The corps that never lost a color or a gun. When its designation was changed to the Twentieth, it still preserved unbroken the same grand record. The veteran divisions of Williams and Geary wore their star-badges through all the bloody battles of the Atlanta campaign and the Carolinas, and still kept their proud claim good, marching northward to the grand review with the same banners that had waved at Antietam and Lookout Mountain, with the same cannon which had thundered on the battle-fields of seven states. None were missing.
The organization of the Twelfth Corps may be considered as dating from the General Order of March 13, 1862, under which the corps formation of the Army of the Potomac was first created. By that order, five different corps were constituted, one of which, composed of the divisions of Williams and Shields, and commanded by General Banks, was designated as the Fifth. These divisions were then operating in the Shenandoah Valley. On the 26th of June, the President ordered that "the troops of the Shenandoah Department, now under General Banks, shall constitute the Second Army Corps" of the Army of Virginia. On September 12th, General Order 129, it was ordered that its designation be changed to that of the Twelfth Corps, and that General Joseph K. Mansfield be placed in command.

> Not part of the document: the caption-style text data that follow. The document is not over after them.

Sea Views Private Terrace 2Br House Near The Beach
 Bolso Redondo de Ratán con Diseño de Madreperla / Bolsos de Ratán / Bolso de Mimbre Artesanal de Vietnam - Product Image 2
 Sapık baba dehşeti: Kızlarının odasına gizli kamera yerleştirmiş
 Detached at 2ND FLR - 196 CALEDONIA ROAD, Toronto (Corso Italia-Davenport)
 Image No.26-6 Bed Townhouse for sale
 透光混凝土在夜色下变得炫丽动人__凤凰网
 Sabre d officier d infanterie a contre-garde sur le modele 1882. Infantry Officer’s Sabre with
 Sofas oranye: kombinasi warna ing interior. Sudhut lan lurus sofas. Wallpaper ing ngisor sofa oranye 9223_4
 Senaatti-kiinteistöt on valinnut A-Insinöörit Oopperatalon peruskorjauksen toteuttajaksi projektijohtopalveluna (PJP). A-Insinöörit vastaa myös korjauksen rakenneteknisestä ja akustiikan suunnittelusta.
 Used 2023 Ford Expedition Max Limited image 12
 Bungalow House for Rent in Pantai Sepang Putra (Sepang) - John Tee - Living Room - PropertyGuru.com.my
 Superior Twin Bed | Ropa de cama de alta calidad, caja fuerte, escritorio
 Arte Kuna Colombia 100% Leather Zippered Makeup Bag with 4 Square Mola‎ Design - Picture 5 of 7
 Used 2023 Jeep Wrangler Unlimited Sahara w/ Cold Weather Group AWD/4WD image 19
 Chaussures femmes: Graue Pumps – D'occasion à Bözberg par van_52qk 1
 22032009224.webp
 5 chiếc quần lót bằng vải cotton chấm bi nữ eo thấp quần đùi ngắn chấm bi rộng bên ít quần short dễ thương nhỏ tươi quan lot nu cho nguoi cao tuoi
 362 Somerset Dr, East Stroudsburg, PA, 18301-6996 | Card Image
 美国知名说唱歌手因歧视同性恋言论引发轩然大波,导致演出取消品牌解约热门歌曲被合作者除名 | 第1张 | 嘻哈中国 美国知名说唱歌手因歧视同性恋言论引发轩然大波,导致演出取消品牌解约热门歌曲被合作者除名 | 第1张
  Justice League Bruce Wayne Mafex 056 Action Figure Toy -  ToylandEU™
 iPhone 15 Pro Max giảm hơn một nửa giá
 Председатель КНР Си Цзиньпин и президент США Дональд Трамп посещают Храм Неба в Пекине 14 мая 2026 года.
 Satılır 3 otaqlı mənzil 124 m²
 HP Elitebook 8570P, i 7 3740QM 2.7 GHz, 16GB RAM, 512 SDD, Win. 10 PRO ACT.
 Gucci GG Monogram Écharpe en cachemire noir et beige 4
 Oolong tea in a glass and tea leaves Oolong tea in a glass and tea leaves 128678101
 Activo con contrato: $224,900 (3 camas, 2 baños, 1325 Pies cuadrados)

In the meantime the corps had done considerable hard fighting under its former title. Shields' Division won a brilliant victory over Stonewall Jackson at Kernstown, Va., on the 23d of March, and Williams' Division fought well at Winchester, May 25th, while on Banks' retreat. The battle of Cedar Mountain was also fought by this corps, alone and unassisted; and, although defeated by the overwhelming force of the enemy, the record shows that the two divisions did there some of the best fighting of the War. In that battle the divisions were commanded by Generals Williams and Augur; loss, 302 killed, 1,320 wounded, and 594 missing; total, 2,216, out of less than 6,000 engaged. This loss fell on four brigades, Crawford's Brigade losing 867 men out of 1679, reported by Crawford as "present in engagement." At Manassas the corps was held in reserve.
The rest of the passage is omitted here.